Devrimci önderler gücünü, sınıfsız, sömürüsüz, sınırsız bir dünyanın mümkün olacağına olan bilimsel inançlarından, tarih bilincinden ve devrimci Marksist bilinçten alırlar. Sverdlov zor koşullarda, yiyeceğin zor bulunduğu ve yoldaşlarla haberleşmenin zor olduğu zamanlarda kendini salıvermemiştir. 1906’dan 1917 Şubat devrimine kadar hapishane ve sürgün yılları başlar. Çar hükümeti sürgünlerin yaşam koşullarını ne kadar zorlaştırsa da –ki bunu insanların “diri ruhu”nu öldürmek, direncini kırmak için yapar– Sverdlov devrimin zaferine olan inancıyla etrafına neşe saçar. Diğer sürgünlerin kendisini bırakmaması için bir kitapla, herhangi bir şeyle meşgul olmasını sağlar ve kendilerini kaybetmemeleri için mücadele eder. Bununla birlikte kendi hastalığına da çözümler arar, ancak iyi beslenemediği için çok fazla müdahale edemez. Bunlara rağmen çalışmalarını aksatmaz, hapishanelerde ve sürgünlerde gündüzleri etrafındakileri toplayıp eğitimler düzenler, gece ise teorik çalışmalar yapar.

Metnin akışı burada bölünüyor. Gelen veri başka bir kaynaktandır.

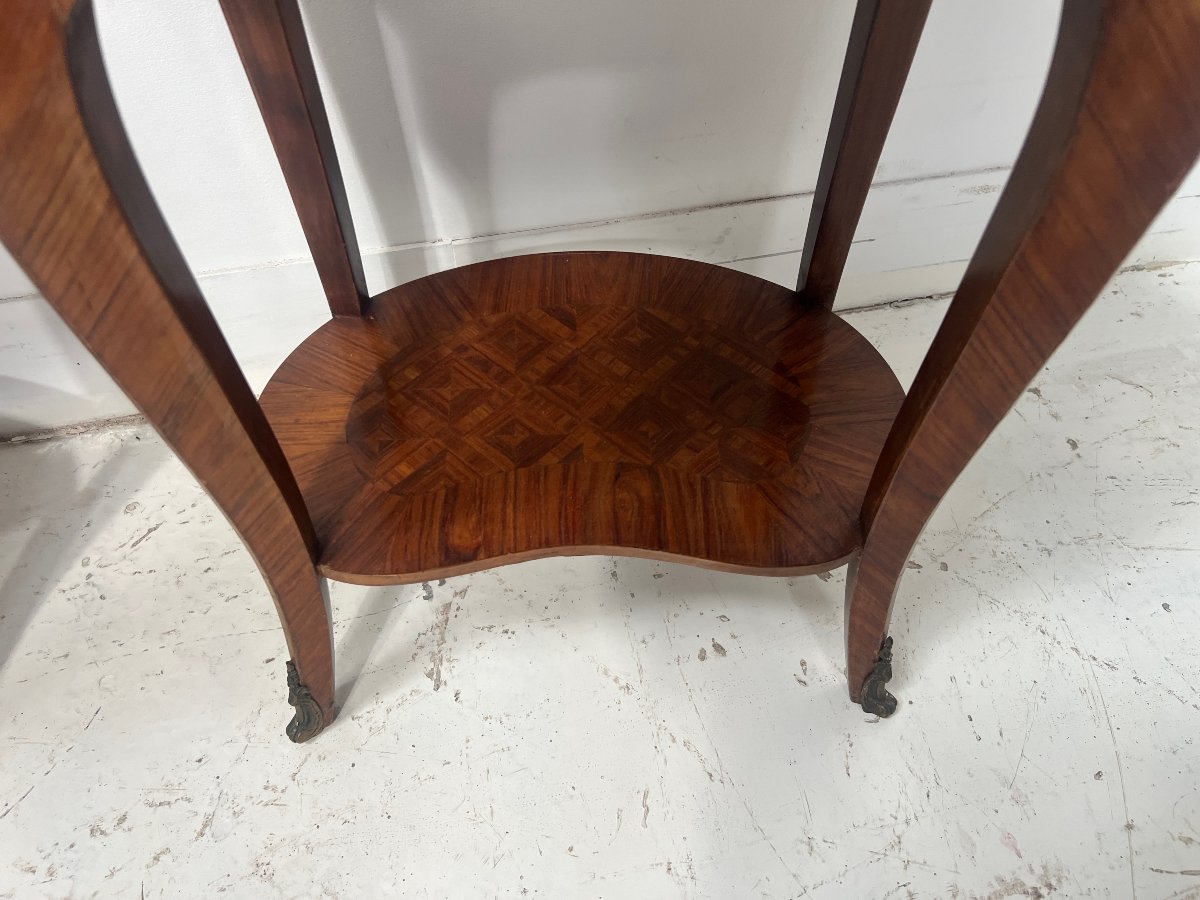 Paire de petites commodes rognons en bois de placage marqueté XX siècle-photo-8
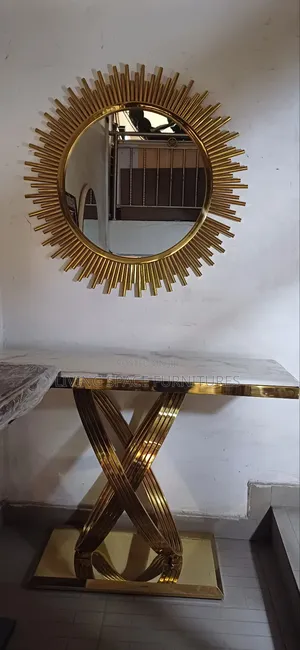Luxury Console Mirror With Marble Table Set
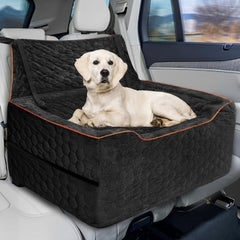Vdamu dog booster seat on backseat setup for comfortable travel.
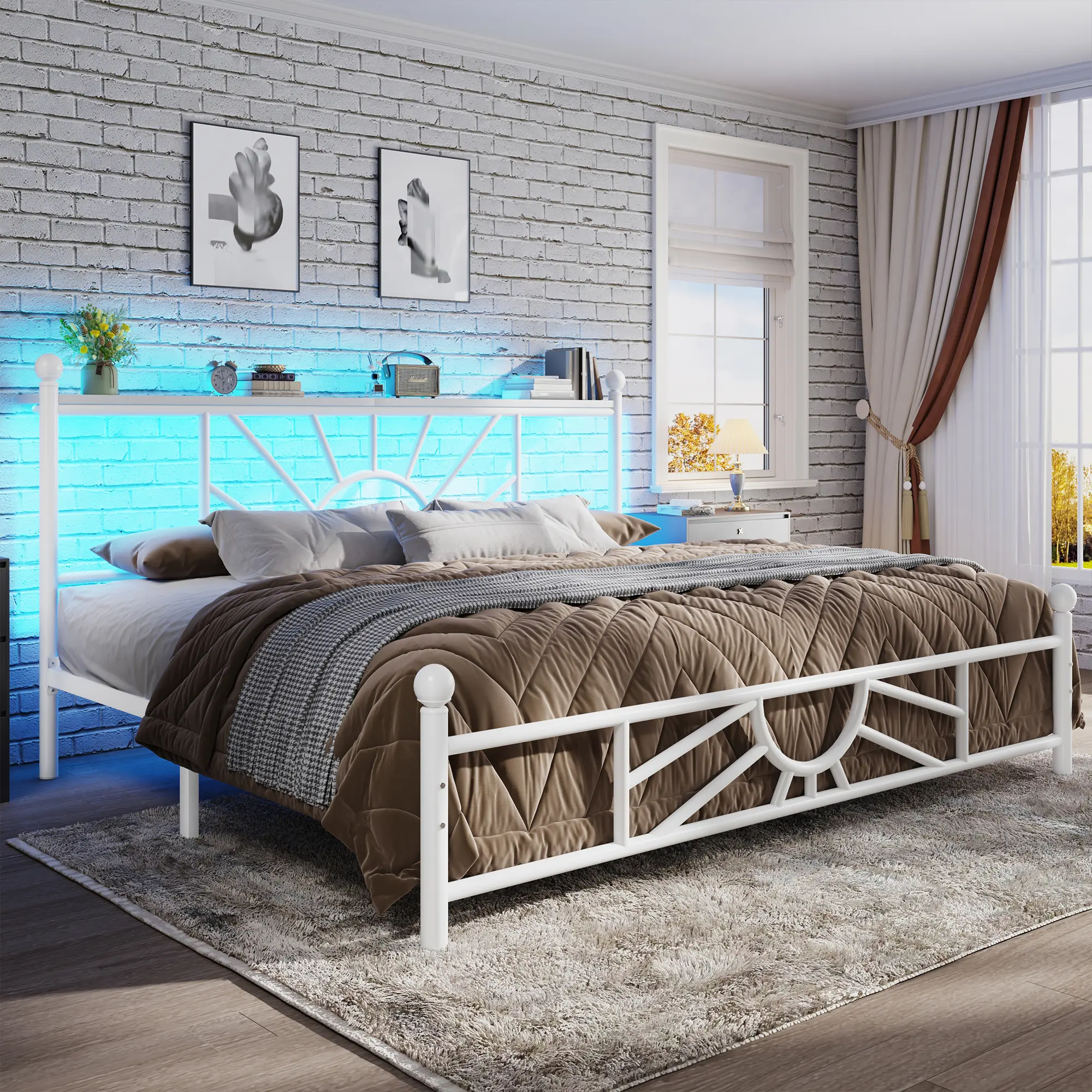【Back-to-School Season】King Queen Full Metal Bed Frame with Headboard & LED, NO MATTRESS,Under Bed Storage Space & Strong Metal Slats, Iron Bed Frame, Noise-Free, Easy Assembly, Modern Bedroom Furniture,Easy to assemble in 30 mins, 1300 lbs Capacity,White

Teorik bilgilerini asıl olarak hapishane ve sürgünlük dönemlerinde geliştirir. Marx’ın Kapital’ini her hapishaneye sokmayı başarır. Sürgündeki işçilerle dostluk kurmaya çalışır ve işçi ailelerin bir parçası olur. Sürgüne yeni gelenlerden güncel haberleri alır ve diğer sürgün bölgeleriyle iletişim kurmaya çalışır. Eşiyle ve çocuklarıyla, firar edebildiği zamanlar, çok az vakit geçirirler. Ev işlerini ve çocukların bakımını eşine bırakmaz, kendisi üstlenir. Bu duruma eşi ne kadar karşı çıksa da Sverdlov ev işlerini ve çocuk bakımını üstlenmekten vazgeçmez ve çalışmalarıyla beraber planlı bir şekilde bu işleri de yürütür.

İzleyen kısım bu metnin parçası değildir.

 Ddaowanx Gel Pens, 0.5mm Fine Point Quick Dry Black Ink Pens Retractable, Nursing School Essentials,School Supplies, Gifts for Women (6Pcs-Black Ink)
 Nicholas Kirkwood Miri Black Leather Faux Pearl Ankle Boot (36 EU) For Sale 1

Şubat 1917’de Çarlığın yıkılmasıyla sürgünlüğü biter. Vakit kaybetmeden Petrograd’a gider ve uzun zamandır hayalini kurduğu buluşmayı, Lenin’le buluşmayı gerçekleştirir. Petrograd’ta Merkez Komitesi seçimleri olur. Sverdlov Merkez Komitesinde yerini alır ve Nisan Konferansından sonra Merkez Komitesi Sverdlov’u Merkez Komite Sekretaryasının yönetimiyle görevlendirir. Yeni görevinde yüzlerce sayfa haber, mektup ve sunularla karşı karşıya kalır. Hemen hemen her yazı ve her dokümanda Sverdlov’un notları, uyarıları ve talimatları bulunurdu, yoldaşlarla mektuplaşırdı.
Uzun soluklu bir mücadele sonunda proletarya Bolşeviklerin önderliğinde Ekim Devrimini gerçekleştirdi. Yeni düzende Tüm Rusya Merkez Yürütme Komitesi içinde sağlam bir Bolşevik düzenin sağlanması gerekiyordu. Bunun için de Tüm Rusya MYK’nin başına, partinin tümüyle güvenebileceği bir yoldaşın getirilmesi gerekiyordu. Parti, Merkez Komitesi ve Lenin seçimlerini yapmışlardı. Sverdlov Tüm Rusya MYK Başkanlığına seçildi. Yukarıda Sverdlov’un olayları çabuk kavrayışından ve bir insanın becerilerine göre ne görev verileceğini bilme yeteneği olduğundan bahsetmiştim. Bu özelliği Tüm Rusya MYK Başkanlığında açıkça görülmüştür. Sverdlov yüzlerce insanın ne yetenekleri olduğunu bilir, nerede hangi çalışmalar yürüttüğünü ve buna göre de nerede ne görev verileceğine karar verir. Bir yoldaşı onun hakkında şunu yazıyordu: “... Sverdlov bize çalışmaları üzerine hiçbir not bırakmadı. Ama onun çalışmaları Sovyet devletinin bütün ilk adımlarında yazılıdır.”
Bu profesyonel devrimci, devrimden birkaç yıl sonra yeterli beslenme ve bakım olmamasından dolayı 34 yaşında ölür. Hayatının merkezine devrimci mücadeleyi koyan Sverdlov ve onun gibi pek çok yoldaşının mücadelesi bugün bizlere insanın insanı sömürmediği bir dünyanın mümkün olabileceğini gösterir. Ancak bunun için sabır ve sebatla çalışma yürütülmesi şarttır. Bugün işçi sınıfının hakları dünyanın dört bir yanında gasp edilirken, biz işçi sınıfının gençlerine devrimci işçilerin safında yürümek düşüyor. Çünkü bilinmeli ki bugün işçi sınıfının haklarına yönelik saldırılar yarın bizleri etkileyecek. Üçüncü Dünya Savaşının sürdüğü ve sivil faşizm tehlikesinin arttığı bu dönemde işçi sınıfının gençleri Sverdlov olup devrimci mücadeleyi büyütmelidir. Genç Sverdlov’un yolunda ileri!